#### Material for this task ####

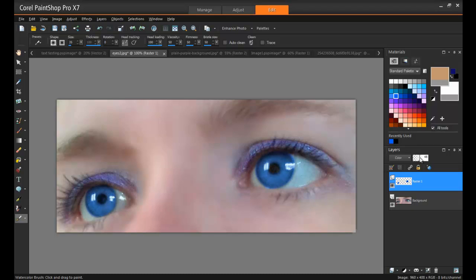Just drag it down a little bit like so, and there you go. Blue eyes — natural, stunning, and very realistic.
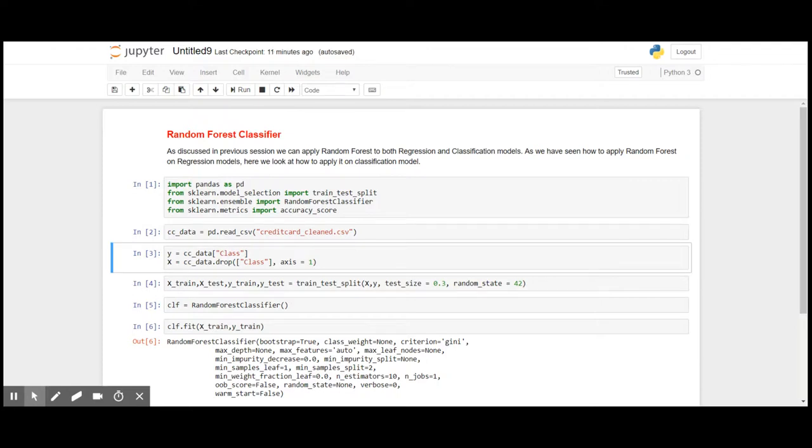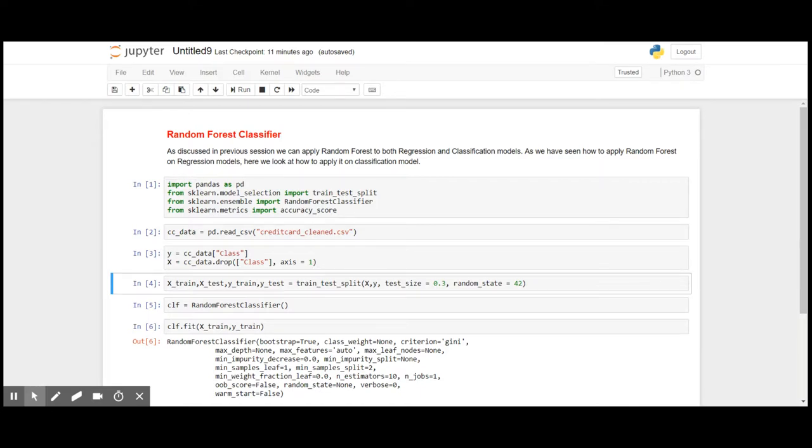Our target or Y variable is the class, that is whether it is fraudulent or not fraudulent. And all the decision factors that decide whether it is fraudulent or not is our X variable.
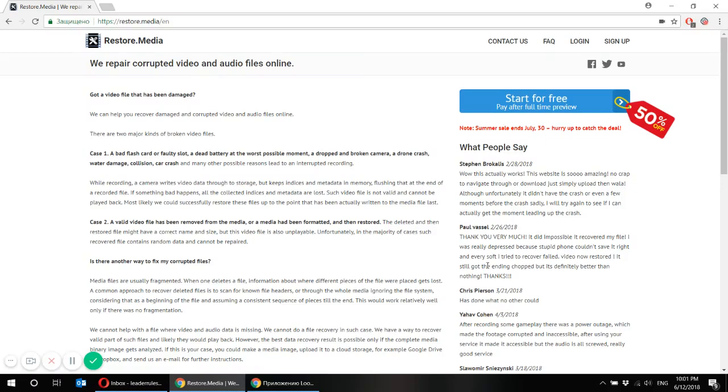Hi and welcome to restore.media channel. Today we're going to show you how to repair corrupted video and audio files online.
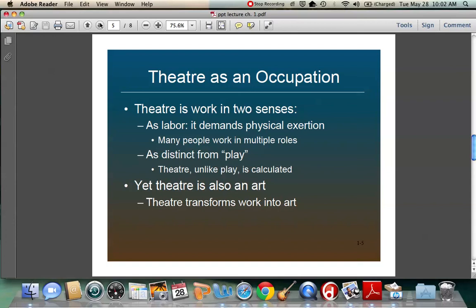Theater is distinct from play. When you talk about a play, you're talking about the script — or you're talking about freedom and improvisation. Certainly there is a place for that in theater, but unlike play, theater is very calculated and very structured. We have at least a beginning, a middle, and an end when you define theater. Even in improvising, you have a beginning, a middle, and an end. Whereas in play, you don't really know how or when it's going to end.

####
#### Material for this task ####

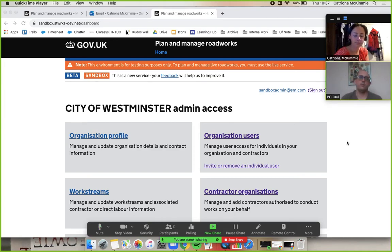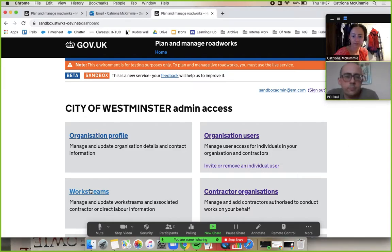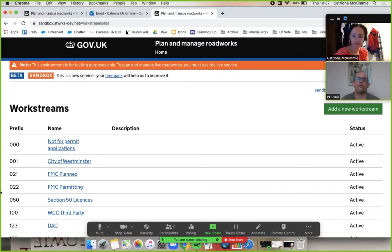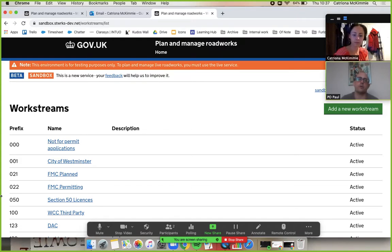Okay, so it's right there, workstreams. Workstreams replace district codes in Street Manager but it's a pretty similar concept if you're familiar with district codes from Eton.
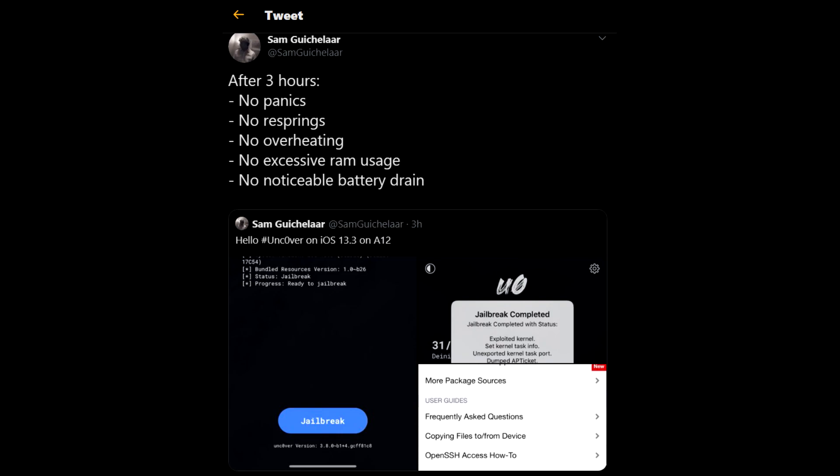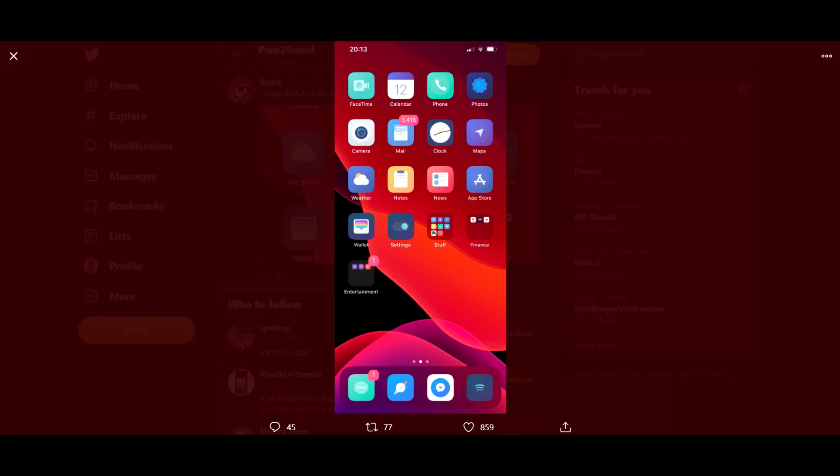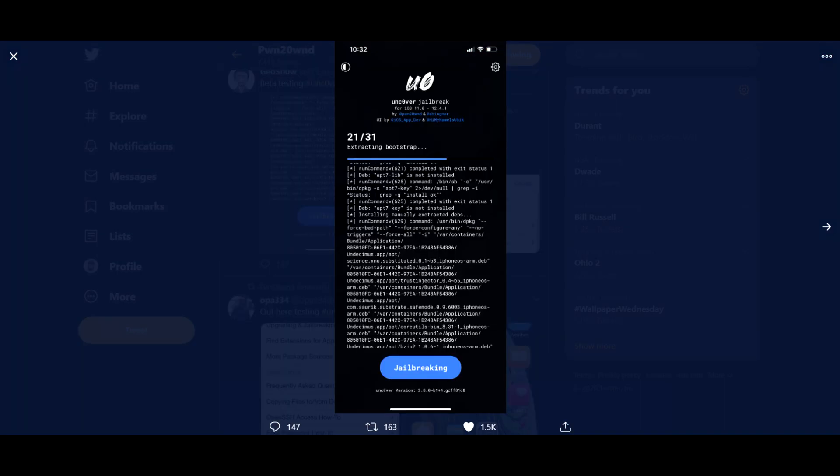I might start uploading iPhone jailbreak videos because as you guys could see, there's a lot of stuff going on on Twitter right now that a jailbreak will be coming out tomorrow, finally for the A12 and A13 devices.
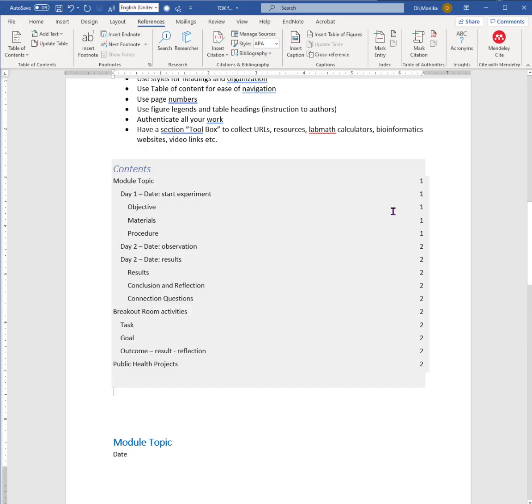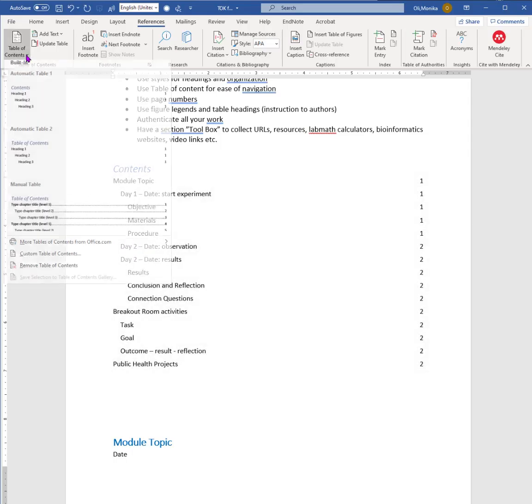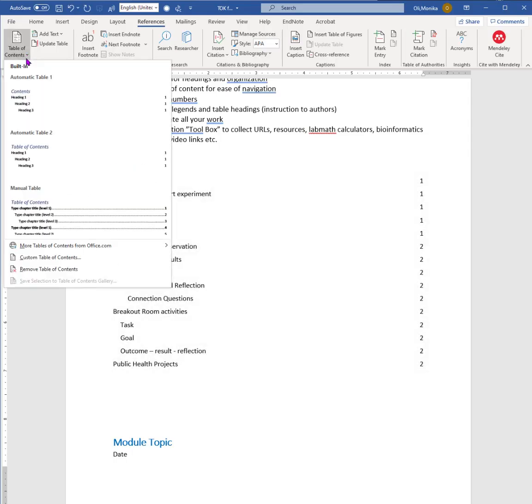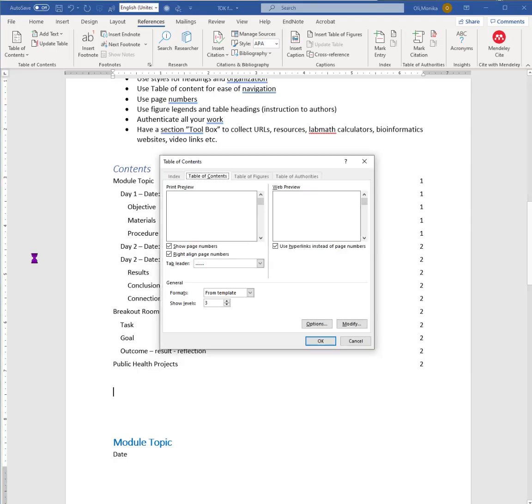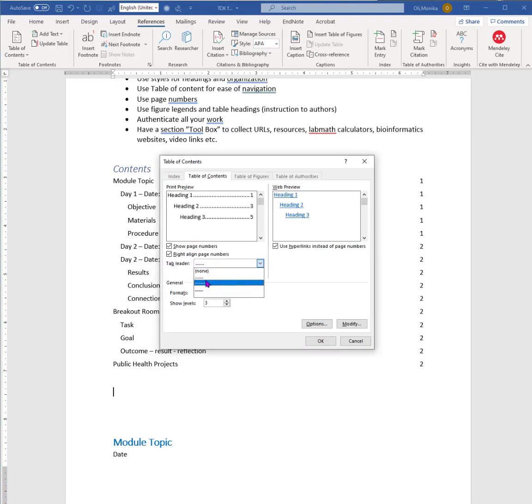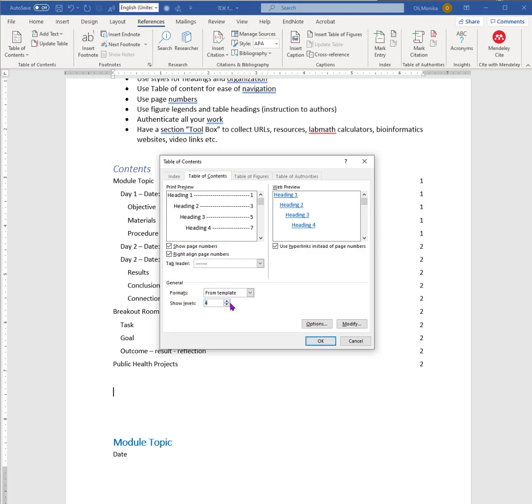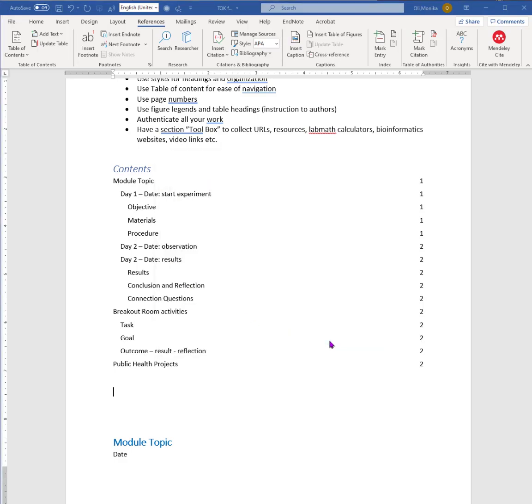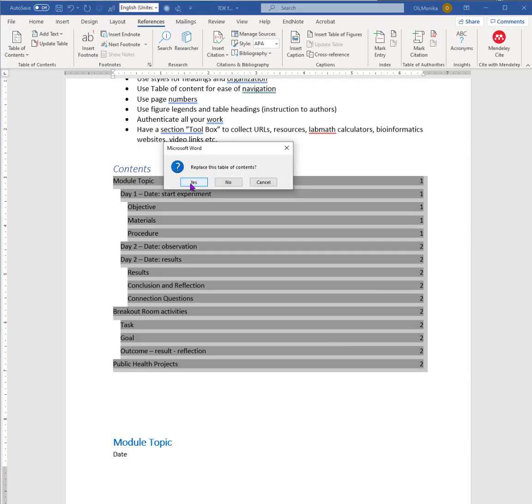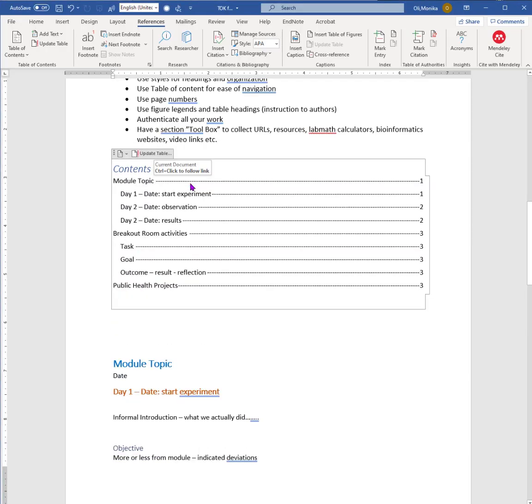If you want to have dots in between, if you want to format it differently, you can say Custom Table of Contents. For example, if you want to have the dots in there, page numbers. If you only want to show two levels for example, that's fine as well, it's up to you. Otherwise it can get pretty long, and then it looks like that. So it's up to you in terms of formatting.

####
#### Material for this task ####

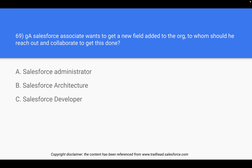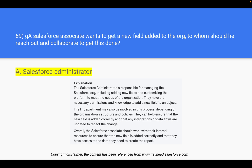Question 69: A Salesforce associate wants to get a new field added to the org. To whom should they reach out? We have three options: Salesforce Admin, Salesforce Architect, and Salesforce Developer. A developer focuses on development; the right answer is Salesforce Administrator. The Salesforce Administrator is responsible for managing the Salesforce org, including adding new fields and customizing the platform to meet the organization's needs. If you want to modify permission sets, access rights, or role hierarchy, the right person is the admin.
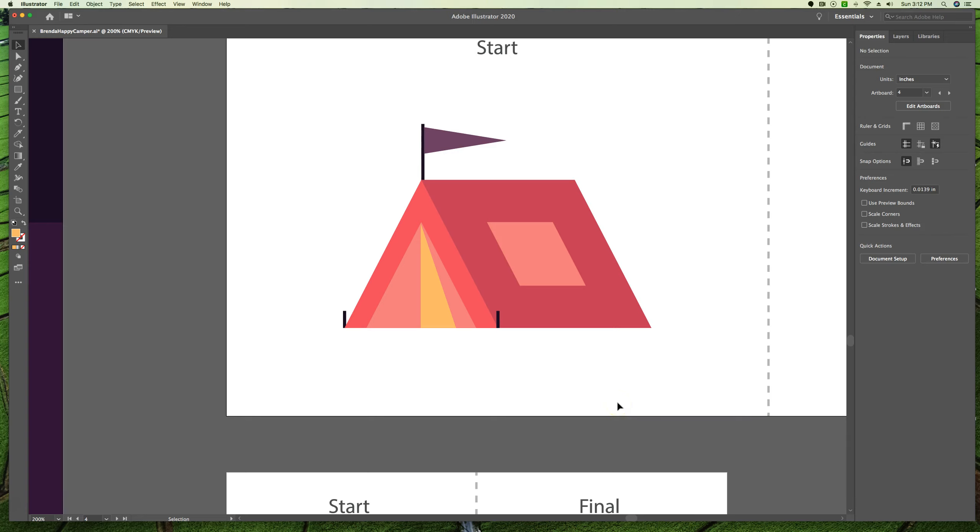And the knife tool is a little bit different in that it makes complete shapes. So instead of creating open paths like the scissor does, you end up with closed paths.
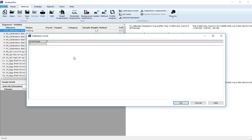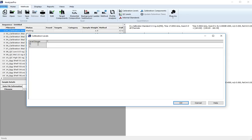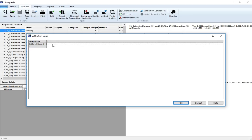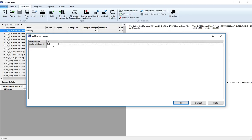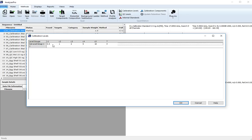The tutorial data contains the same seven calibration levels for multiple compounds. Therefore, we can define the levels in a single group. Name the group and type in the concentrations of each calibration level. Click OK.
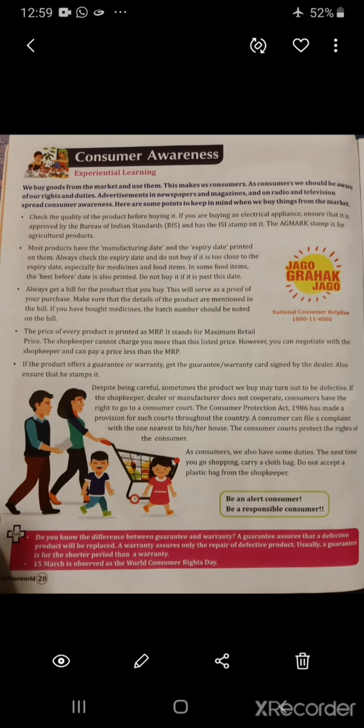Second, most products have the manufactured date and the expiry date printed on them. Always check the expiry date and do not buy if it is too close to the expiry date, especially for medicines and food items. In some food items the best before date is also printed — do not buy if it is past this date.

####

__About this exercise__: Your reply should consist solely of the lines above from the line containing "Okay, so it's" up to and including the line containing "If you want to have dots", reproduced exactly, minus the pictures.

__Answer below__:
Okay, so it's right there, workstreams. Workstreams replace district codes in Street Manager but it's a pretty similar concept if you're familiar with district codes from Eton.
I might start uploading iPhone jailbreak videos because as you guys could see, there's a lot of stuff going on on Twitter right now that a jailbreak will be coming out tomorrow, finally for the A12 and A13 devices.
If you want to have dots in between, if you want to format it differently, you can say Custom Table of Contents. For example, if you want to have the dots in there, page numbers. If you only want to show two levels for example, that's fine as well, it's up to you. Otherwise it can get pretty long, and then it looks like that. So it's up to you in terms of formatting.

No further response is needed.